Conexiones | Capítulo 01: Treintena

No me podía creer que estuviera haciendo la maleta de madrugada, con lo mucho que lo odiaba. Había dejado un par de lavadoras que esperaba que se secaran a tiempo —no lo hicieron—, así que tuve que improvisar sobre la marcha y meter, a regañadientes, unas cuantas camisetas que no sabía si me quedarían bien, porque hacía mucho tiempo que no me las ponía. «Pero mira que son feas», decía, mientras las tiraba a mala manera.

Sabía perfectamente que mi enfado no iba precisamente por la ropa mojada. Ni de coña. Sabía perfectamente que mi enfado tenía nombres y apellidos: Martín Beltrán Lara. Los míos, vaya. Y es que me estaba empezando a caer muy, pero que muy mal.

Hacía seis años que estaba soltero. Decía que no era por gusto, que era por necesidad, pero solo convencía a los demás con mi discurso. Yo sabía muy bien que había algo más. Es verdad que había pasado muchísimos baches y había sorteado muchos obstáculos en mis relaciones personales, pero ese «descanso» no era algo… ¿normal?

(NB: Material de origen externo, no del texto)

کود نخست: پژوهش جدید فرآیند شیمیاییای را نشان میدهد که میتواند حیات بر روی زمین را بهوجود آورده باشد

De hecho, mientras llevaba a bandazos la maleta con esas camisetas horribles y con las ganas de llorar a punto de hacer su aparición estelar, me dio por pensar en él. Ay, Alonso, qué lástima. Qué bien habría estado lo nuestro si yo no fuera tan gilipollas. Qué lástima me dio dejar nuestro apartamento en La Latina. Mira que lo teníamos bonito.

Mira que el tío se lo curraba, pero yo siempre le buscaba las cosquillas al destino para no ceder, para no dejarme llevar, como si en el amor, en la vida o en la muerte de pudieran evitar el sentido de las cosas. Y estaba claro que antes de Alonso había habido otros, y que yo también había estado en su lugar: haciendo lo posible por que alguien se diera cuenta de que yo era ese alguien especial que me estaba buscando.

Y eso es lo que más rabia me daba: el problema de todo lo que me había estado pasando era yo mismo, mis ganas de amar y ser amado de una forma perfecta y superior… como si eso existiera.

Me fui directo a Atocha en el primer taxi que vi. Le hice la señal y se paró justo delante. Me abrió el maletero y metí la única maleta con la que volvía a casa a celebrar mi cumpleaños. «Joder, ya han llegado los treinta», pensé.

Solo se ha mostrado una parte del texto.